Matarazzo is clearly intelligent. It was one of his strengths as a player, a 6’6″ defender who toured Germany’s lower leagues before finishing his career with Nurnberg’s second team. “Although I did not make it to the top level, I enjoyed those nine years of playing ball,” he says.

“I was very determined. I always wanted to win. I was also a team player, and fairly disciplined. I had good vision but I did not have the technical repertoire to complement my thoughts and what I saw on the pitch. That was definitely a limitation.

“It was the reason why I wanted to be a coach. I felt unfulfilled as a player. My enthusiasm for coaching had been instilled in me when I had done soccer camps in the States. I enjoyed teaching the game.

“With that experience and that enthusiasm, I realised coaching was the way to go. It felt right. My first steps were at Nurnberg where I received my coaching licences while still playing.

“To be honest, at that time, I still had my mind set on returning to the United States, to use my European coaching licenses, but also to use my degree in the corporate world. That was my original thought.

“My principle at that time was to keep moving forward in Germany until my progression stopped. But as time went on I realised more and more how much I was enjoying what I was doing and how I continued to move forward.”

The big leap in Matarazzo’s career came when he moved to Hoffenheim to link up with Julian Nagelsmann. Initially working as the U17 coach there, he soon moved up to become Nagelsmann’s assistant during the club’s Champions League campaign in 2018.

The pair had roomed together when studying for the Pro Licence at Hennef, the famed coaching institute in Germany, but their relationship predated that experience. “It was a conscious decision to share a room at Hennef, it was not a coincidence,” he says.

“Of course, that time with Julian was very interesting. If you room together you have more time to discuss ideas. But it was my time as his assistant that was much more constructive.

“It was an extremely valuable experience for me to qualify and be part of a Champions League team, part of Julian’s staff, developing new ideas, solidifying my own ideas, just gathering my thoughts on the game.”

Matarazzo is now putting those ideas into practice. Using his favoured three at the back, Stuttgart have impressed, playing a possession game, and producing some standout performances, most notably beating Borussia Dortmund 5-1 at the Westfalenstadion.

Stuttgart’s own 60,000-seater stadium would be rocking again if the fans were allowed back into the Mercedes-Benz Arena but while this is a club that were Bundesliga champions as recently as 2007, Matarazzo prefers not to risk increasing expectations too much.

“People may say that we have fulfilled expectations and probably exceeded them. Of course, I am curious but I try to avoid expectations. I focus on the daily work, on how to take the next step and improve.

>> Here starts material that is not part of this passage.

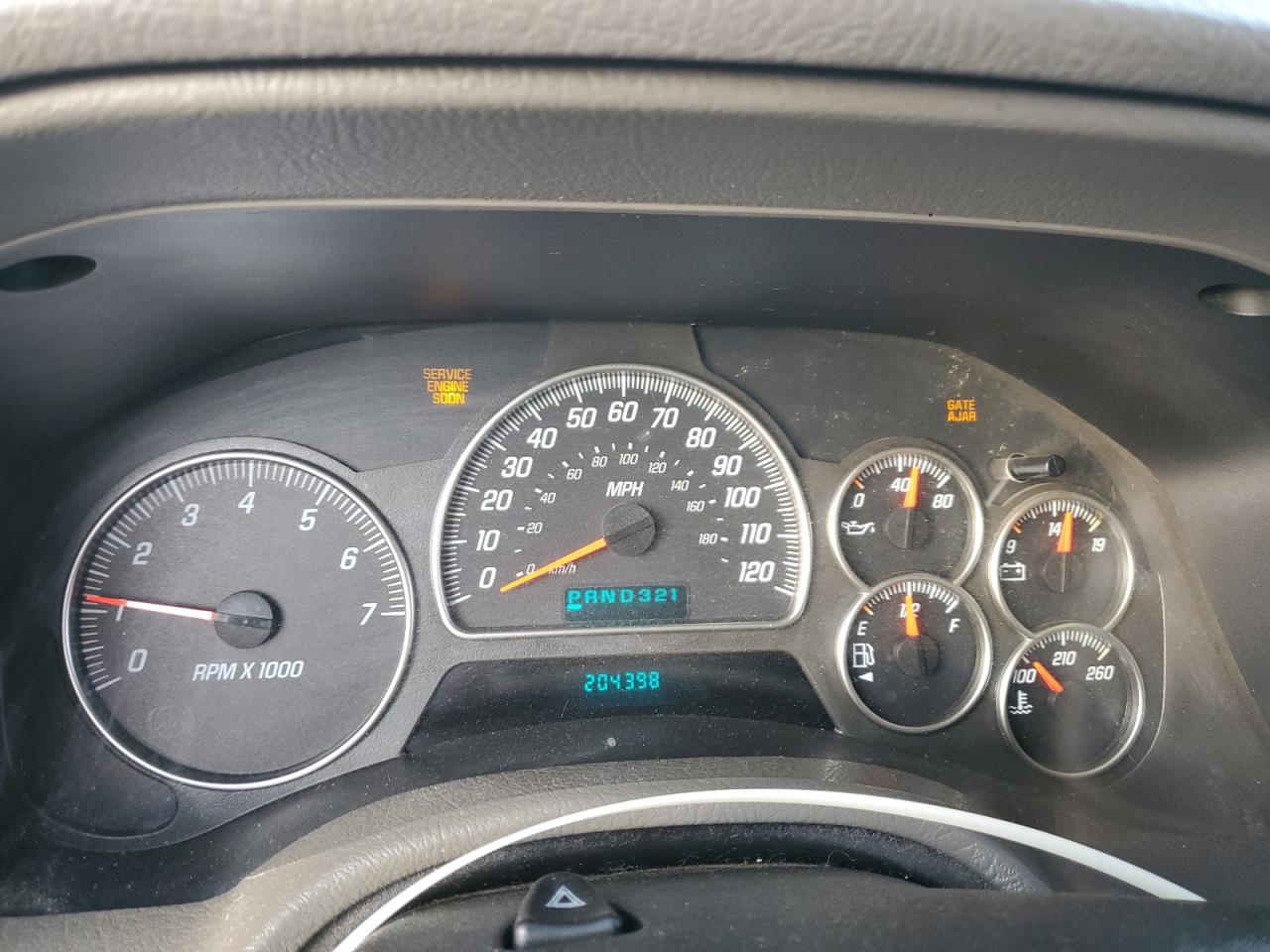 2003 GMC Envoy - Image 9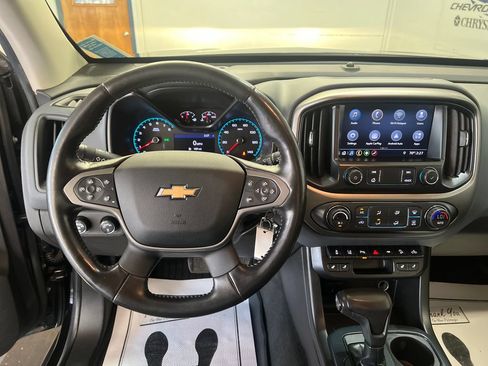 Used 2021 Chevrolet Colorado Z71 w/ Safety Package AWD/4WD image 19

“We are one of the teams in the Bundesliga doing well with limited resources. It is important we continue to make good decisions, so that more will be possible in one or two years. If we need to sell one or two key players in the summer, we need to make good decisions on future talent, and develop that talent.

“Our goal is not to win the Bundesliga championship at the moment. It is to stabilise our position in the Bundesliga and then go from there. I think we are doing well for our situation. We will see what the future brings.”

As for Matarazzo’s future, he has learned not to look too far ahead.

“I go about my life the same way that I am going about my first season in the Bundesliga. I don’t have many expectations. There was a time in my life when I attempted to make detailed career plans, but I realised they never really work out, so I tore them up, and just stopped making them.

“Life always goes in a different way to how you originally expect it. If you consider the move to Germany, I did not think too much ahead. I did not have a game plan. I was curious and it felt right, so I did it. Now, I just set my focus on the daily work.”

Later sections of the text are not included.